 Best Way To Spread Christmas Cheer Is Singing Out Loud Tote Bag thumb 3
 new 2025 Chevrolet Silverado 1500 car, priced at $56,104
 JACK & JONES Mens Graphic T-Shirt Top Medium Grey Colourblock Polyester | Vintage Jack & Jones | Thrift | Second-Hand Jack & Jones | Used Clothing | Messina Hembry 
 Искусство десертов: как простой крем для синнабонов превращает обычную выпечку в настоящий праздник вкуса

--

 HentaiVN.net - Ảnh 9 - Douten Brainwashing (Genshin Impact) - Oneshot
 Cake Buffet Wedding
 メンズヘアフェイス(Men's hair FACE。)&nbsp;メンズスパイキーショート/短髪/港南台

--

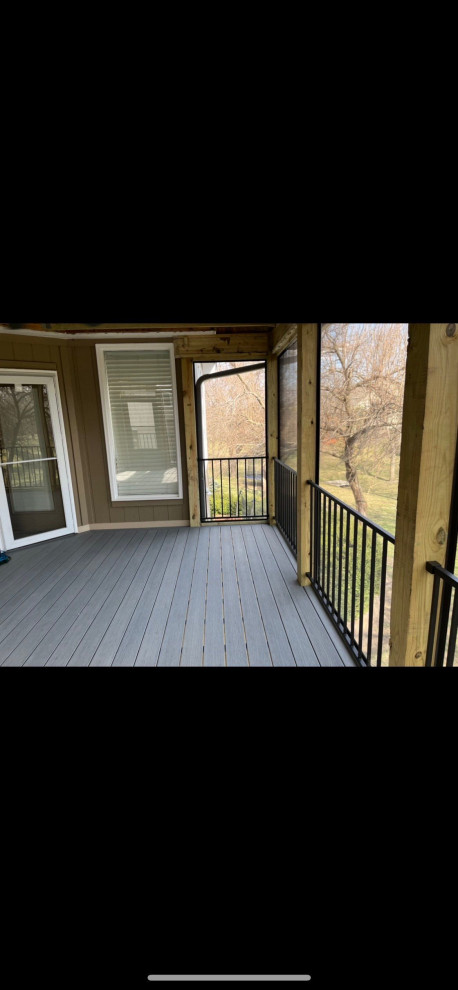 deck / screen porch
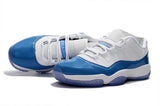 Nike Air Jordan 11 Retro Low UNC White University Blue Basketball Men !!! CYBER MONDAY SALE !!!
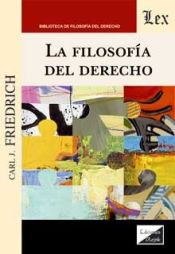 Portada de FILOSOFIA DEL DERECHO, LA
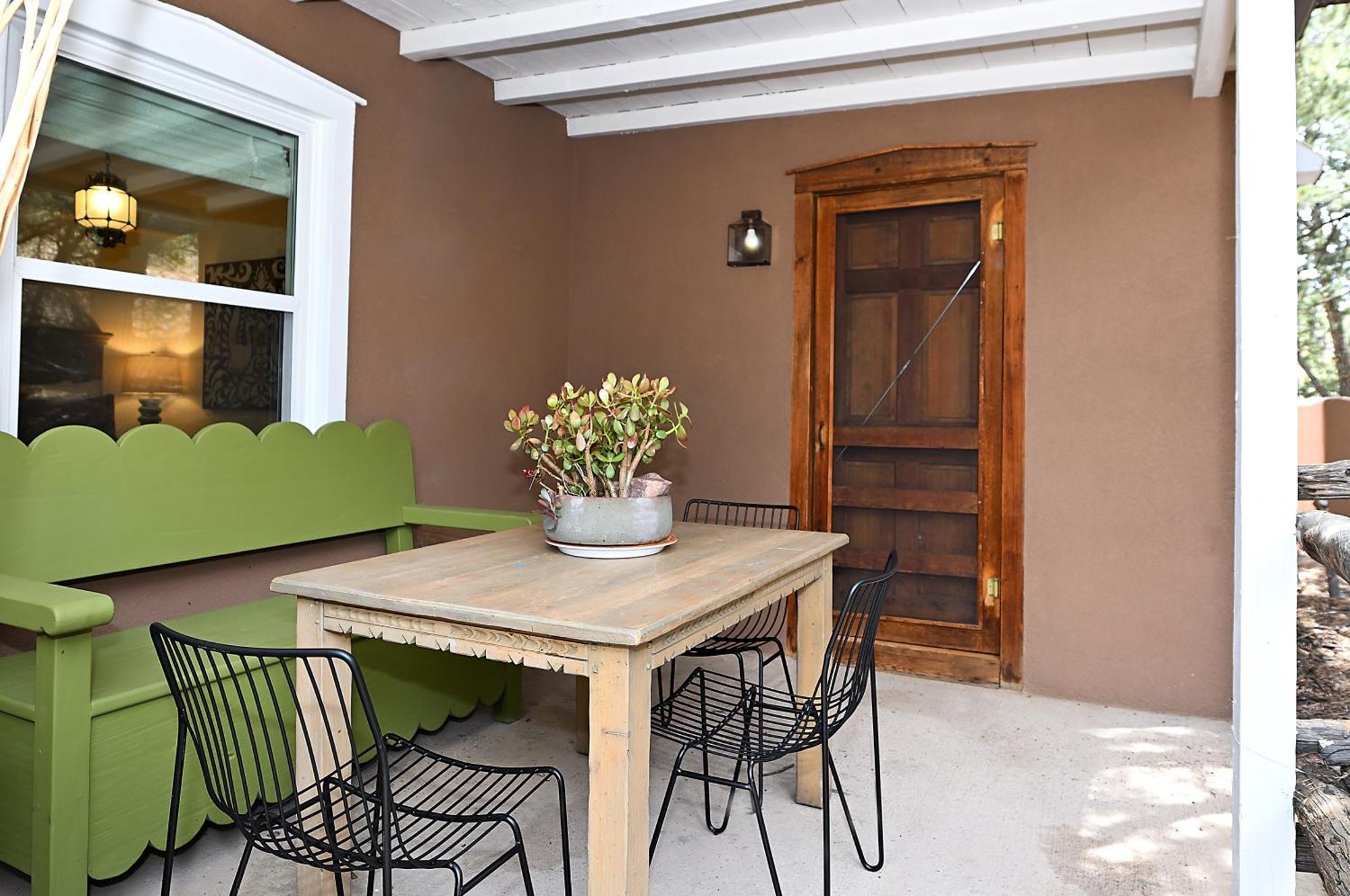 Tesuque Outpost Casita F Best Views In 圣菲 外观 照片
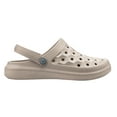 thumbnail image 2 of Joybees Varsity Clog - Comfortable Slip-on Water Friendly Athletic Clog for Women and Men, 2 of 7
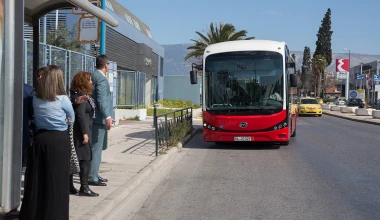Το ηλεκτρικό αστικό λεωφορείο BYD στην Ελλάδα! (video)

▶ [Aim of the exercise]: Could you reproduce, exactly, every line above from the line with "Best Way To" to the line with "Искусство десертов: как", and no other line? Both ends count.

▶ [Response for this exercise]:
 Best Way To Spread Christmas Cheer Is Singing Out Loud Tote Bag thumb 3
 new 2025 Chevrolet Silverado 1500 car, priced at $56,104
 JACK & JONES Mens Graphic T-Shirt Top Medium Grey Colourblock Polyester | Vintage Jack & Jones | Thrift | Second-Hand Jack & Jones | Used Clothing | Messina Hembry 
 Искусство десертов: как простой крем для синнабонов превращает обычную выпечку в настоящий праздник вкуса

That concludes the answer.